Closed ehildenb closed 1 year ago

ehildenb commented 1 year ago

It used to be that pyk was ignoring the value of satisfiable in the implies endpoint, but then it was fixed: https://github.com/runtimeverification/pyk/pull/216

But this is now causing problems in KEVM, because the implications that were considered successful before (because tehy had a substitution and predicate), are now being reported as unsuccessful.

Here is one such bug report: https://drive.google.com/file/d/16MrofCqXuyakhVwIq3aIciwuPv3CmLG4/view?usp=share_link

I'm pretty sure this implication does hold, so my guess is that it should just be returning satisfiable: "true" instead of false. Either that, or I need to understand why this implication doesn't hold.

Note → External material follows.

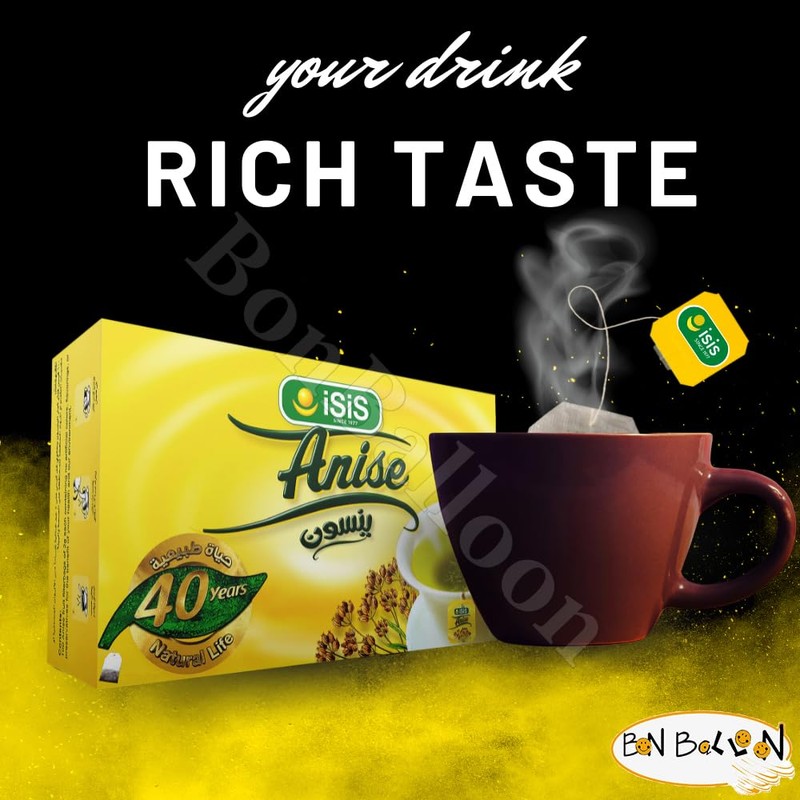 BonBalloon Isis Herbal Tea Organic Natural Egyptian Anise Tea Flower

In general, if satisfiable is false, then we probably should not return both a substitution and a predicate. Perhaps only a substitution, and #Bottom as the predicate makes sense though.

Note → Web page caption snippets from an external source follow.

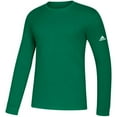 thumbnail image 1 of Adidas Men's Go To Performance Climalite Long Sleeve Active Tee Sport T-Shirt, Green, XS, 1 of 8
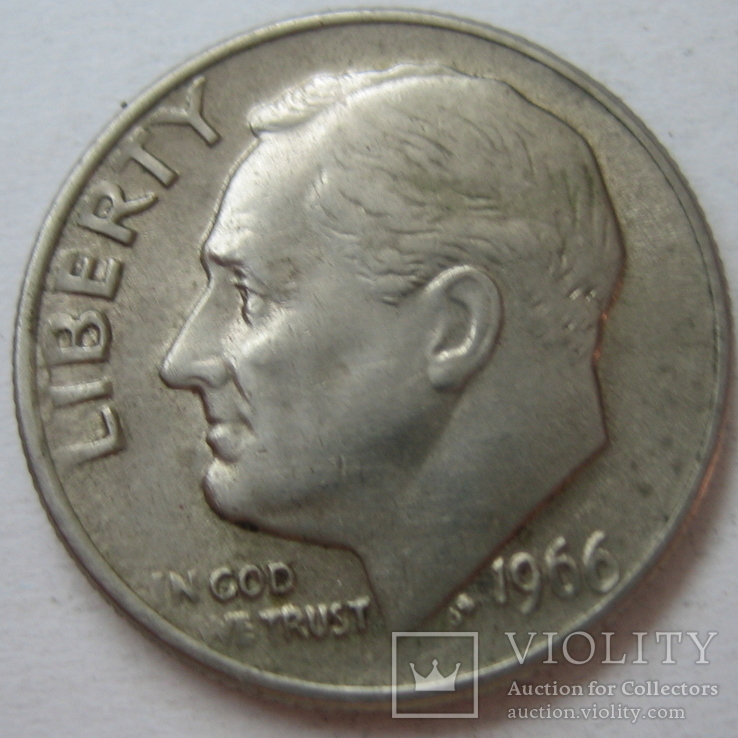 США 10 центов 1966 года., фото №3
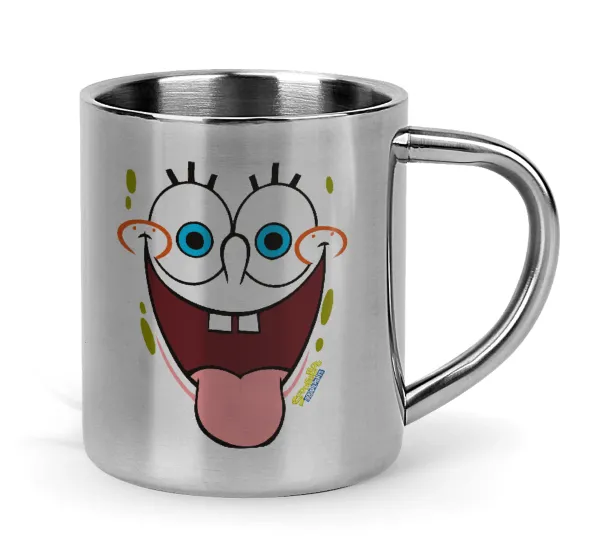 SpongeBob SquarePants smile — Mug Stainless steel double wall 300ml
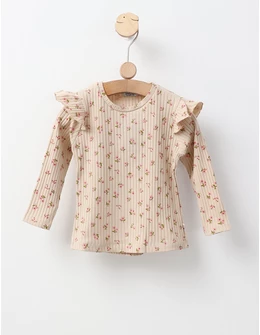 Bluza cu Floricele, model bej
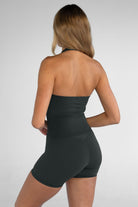 Sculpt Halter Neck Tank - Deep Forrest - LEELO ACTIVE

ehildenb commented 1 year ago

Before this is closed, we should make sure that https://github.com/runtimeverification/pyk/pull/229 is re-reverted.

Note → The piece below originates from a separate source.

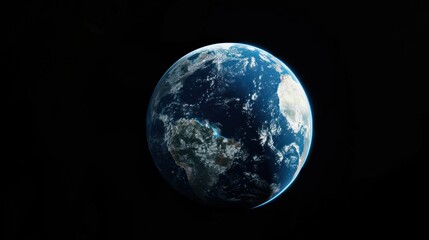 Earth from Space: A View of South America and the Atlantic Ocean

jberthold commented 1 year ago

I reproduced the behaviour (satisfiable: false response) and inspected the request and response for some time, but could not find anything obviously wrong. 003-request-formatted.json 003-response-formatted.json.txt The conditions in the input and output (incl. the unifying substitution) are here in short form: conditions-from-json.txt. The code path that leads to the observed answer is taken only when a condition implication is refutable, but there is no obvious contradiction between these conditions together with the unifier.

jberthold commented 1 year ago

Further investigation of this implies request (incl. tracing and DebugEvaluateCondition) shows that the predicate which is later sent to the SMT solver (to refute it) contains the following:

                                        /* Spa */
                                        \not{_}(
                                            /* Sfa */
                                            \equals{SortBool{}, _}(
                                                /* T Fn D Sfa Cl */
                                                \dv{SortBool{}}("true"),
                                                /* T Fn D Sfa */
                                                Lbl'Hash'rangeUInt'LParUndsCommUndsRParUnds'WORD'Unds'Bool'Unds'Int'Unds'Int{}(
                                                    /* T Fn D Sfa Cl */
                                                    \dv{SortInt{}}("256"),
                                                    /* T Fn D Sfa Cl */
                                                    \dv{SortInt{}}("9223372036854775620")

which, in brief, is #not (#rangeUInt(256, 9223372036854775620)). This should probably be evaluated within Haskell since from the #rangeUInt definition this is clearly already false (0 <= 9223372036854775620 < 2 ^ 256). When this reaches the SMT solver, the #rangeUInt is gone and it is merely a boolean value, which could of course be assumed true by the SMT solver to satisfy the predicate as a whole.

ana-pantilie commented 1 year ago

@ehildenb the issue is that pyk is sending requests with Kore which has not been desugared correctly, see the definition of #rangeUInt: https://github.com/runtimeverification/evm-semantics/blob/master/include/kframework/word.md#range-of-types

ehildenb commented 1 year ago

Oh thank you guys for the investigation! I will try and make sure that predicates are desugared fully, and see if it's the same problem!